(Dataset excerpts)
━━━━━━━━━━

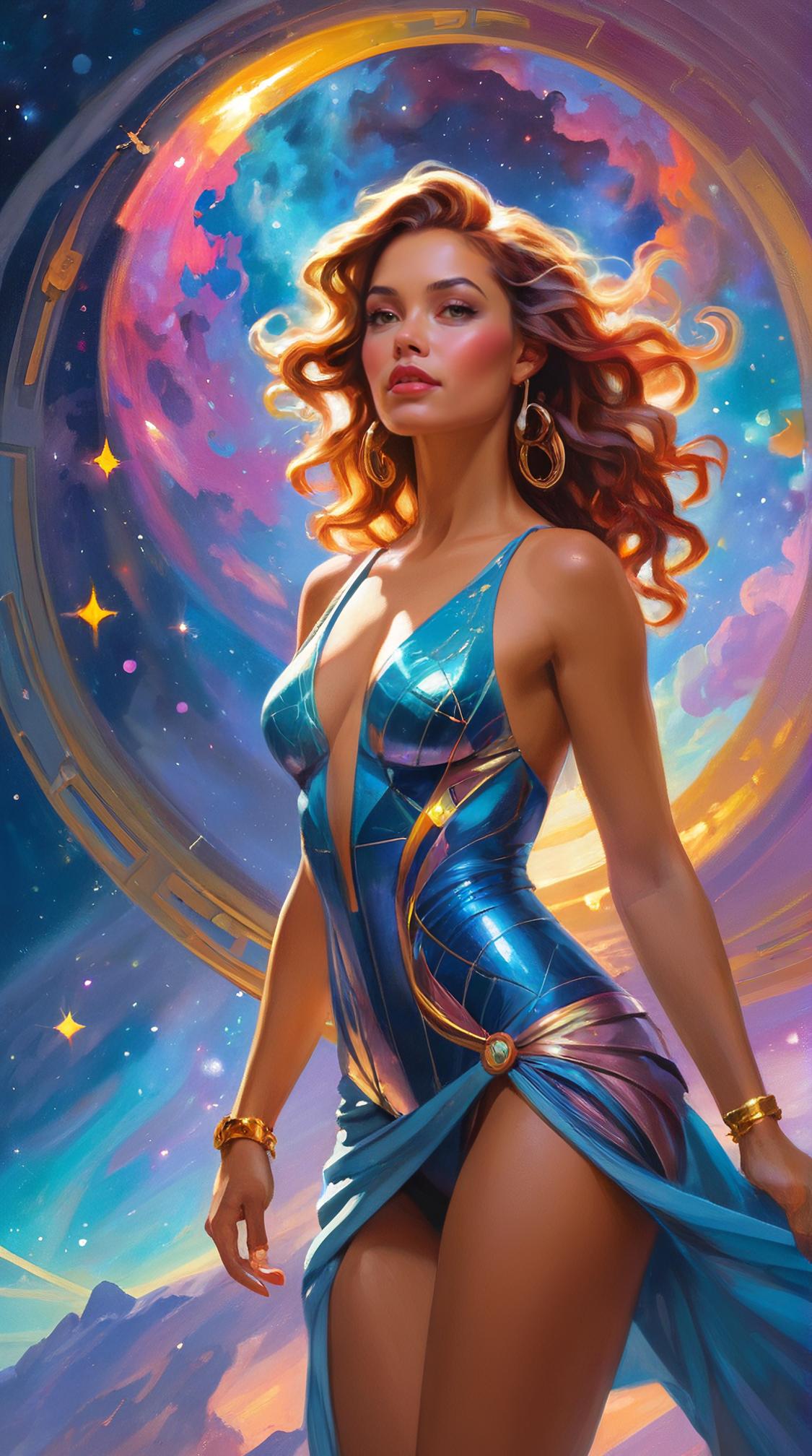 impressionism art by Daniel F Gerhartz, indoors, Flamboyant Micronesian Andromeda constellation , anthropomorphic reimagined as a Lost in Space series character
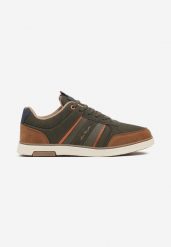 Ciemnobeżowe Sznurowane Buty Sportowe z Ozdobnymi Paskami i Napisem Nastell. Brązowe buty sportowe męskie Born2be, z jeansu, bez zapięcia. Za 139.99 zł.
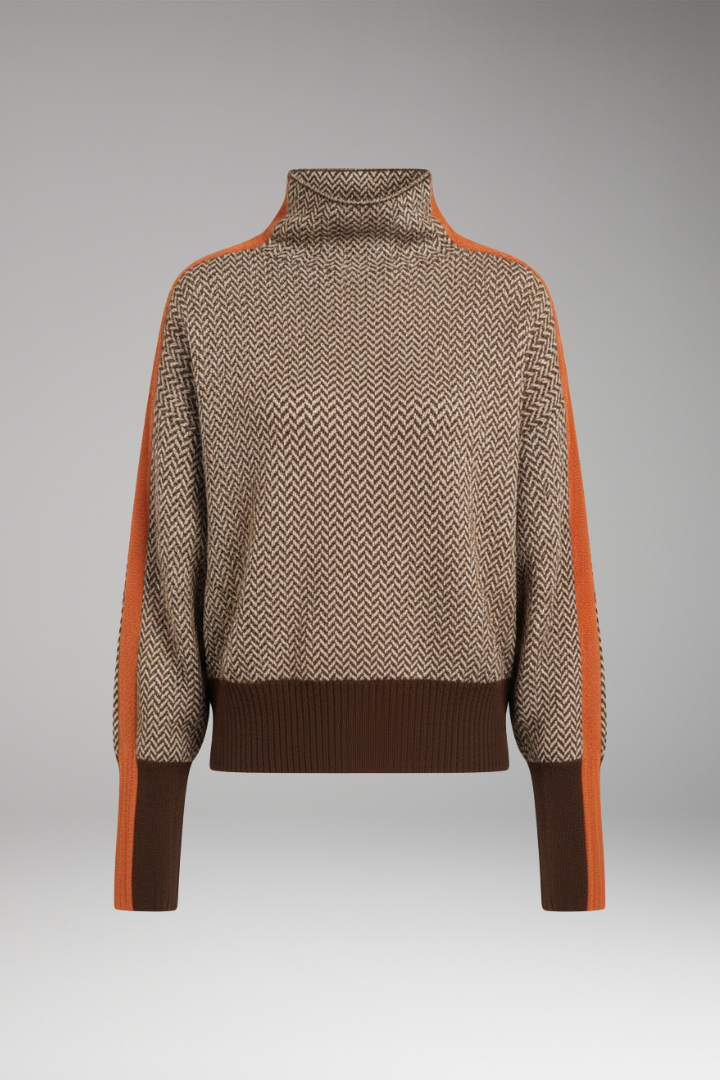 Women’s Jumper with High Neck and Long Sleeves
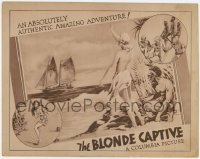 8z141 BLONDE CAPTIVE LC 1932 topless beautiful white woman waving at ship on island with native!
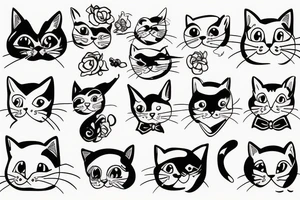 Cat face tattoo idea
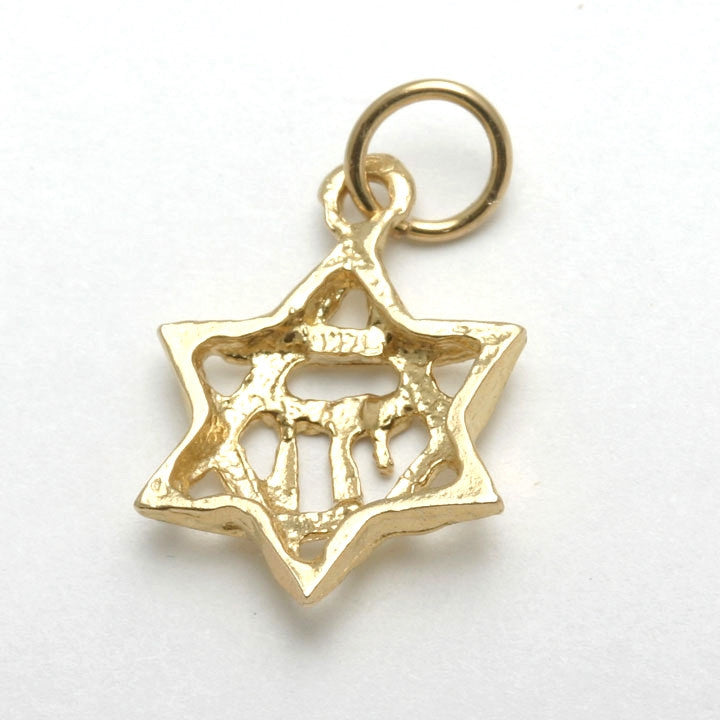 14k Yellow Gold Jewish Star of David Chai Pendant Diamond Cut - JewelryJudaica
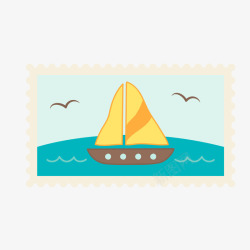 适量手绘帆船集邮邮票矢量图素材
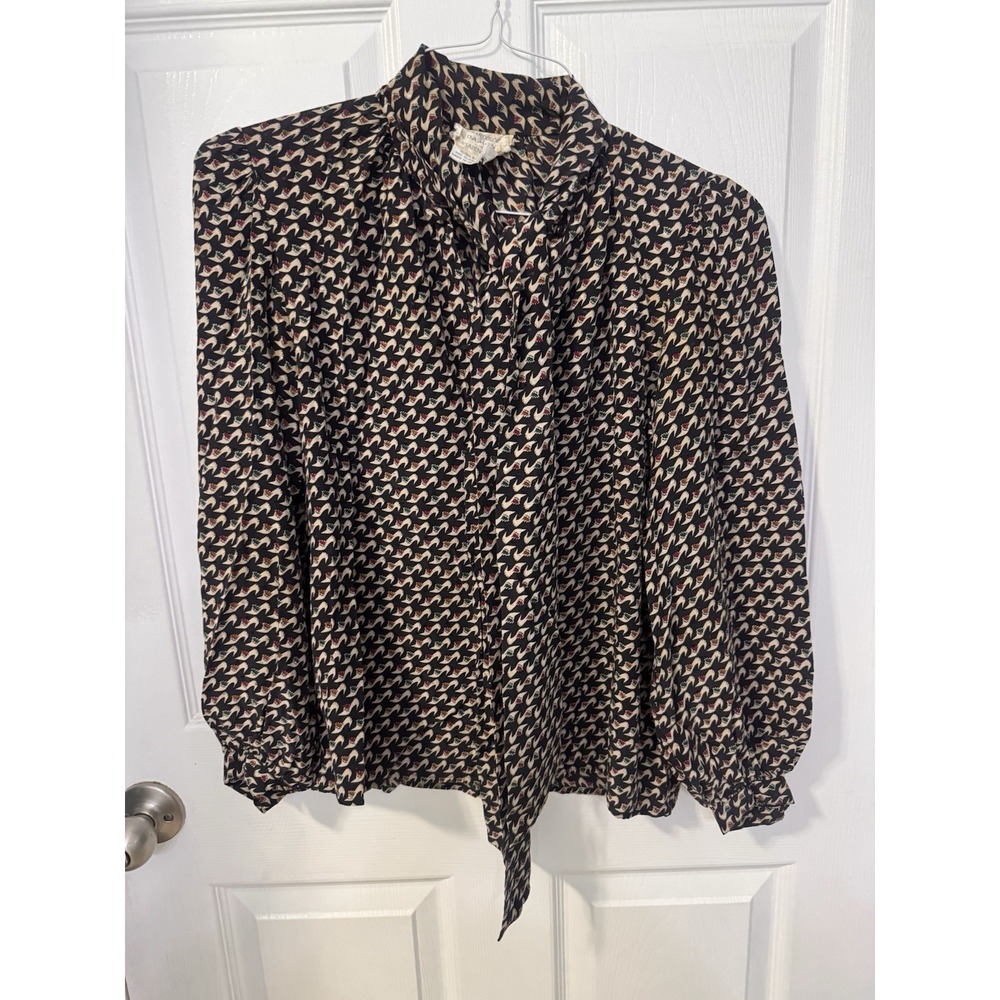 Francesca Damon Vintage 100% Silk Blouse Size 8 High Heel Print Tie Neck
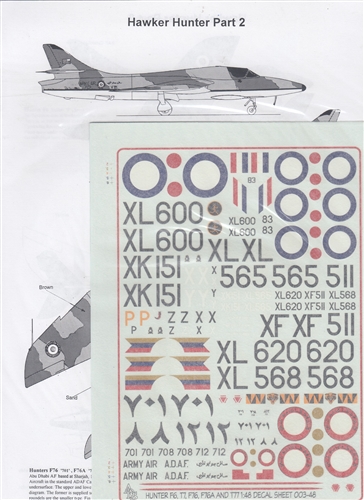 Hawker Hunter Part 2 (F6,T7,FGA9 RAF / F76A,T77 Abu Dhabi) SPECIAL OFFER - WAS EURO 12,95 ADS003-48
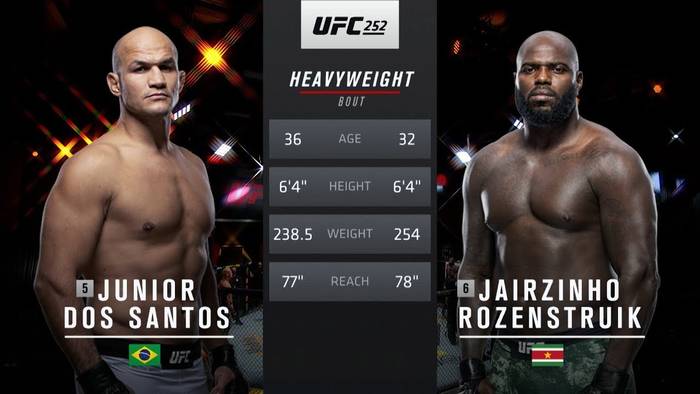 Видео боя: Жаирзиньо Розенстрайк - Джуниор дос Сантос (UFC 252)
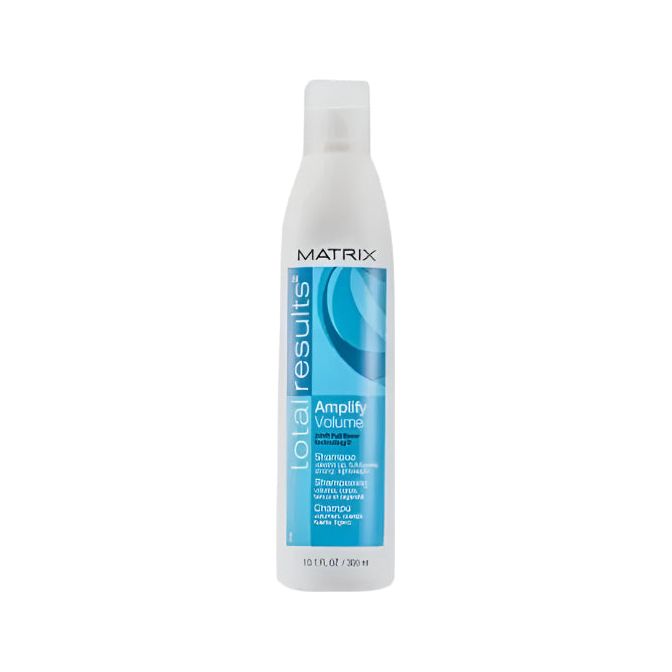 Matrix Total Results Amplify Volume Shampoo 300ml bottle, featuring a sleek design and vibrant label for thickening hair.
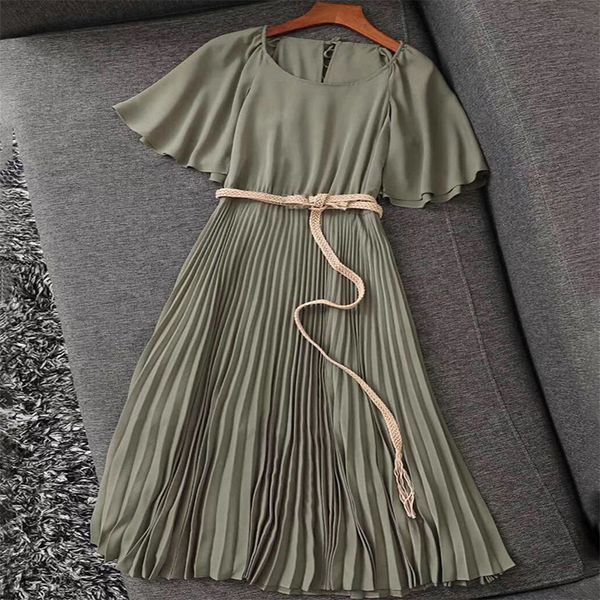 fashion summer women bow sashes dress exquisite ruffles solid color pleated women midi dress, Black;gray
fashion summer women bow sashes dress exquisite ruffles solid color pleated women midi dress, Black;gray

━━━━━━━━━━

TASK TO CARRY OUT: Every line from the one with "Matrix Total Results" through the end of the records above belongs in the answer, copied exactly; no picture does.

WORKED SOLUTION:
 Matrix Total Results Amplify Volume Shampoo 300ml bottle, featuring a sleek design and vibrant label for thickening hair.
 fashion summer women bow sashes dress exquisite ruffles solid color pleated women midi dress, Black;gray
fashion summer women bow sashes dress exquisite ruffles solid color pleated women midi dress, Black;gray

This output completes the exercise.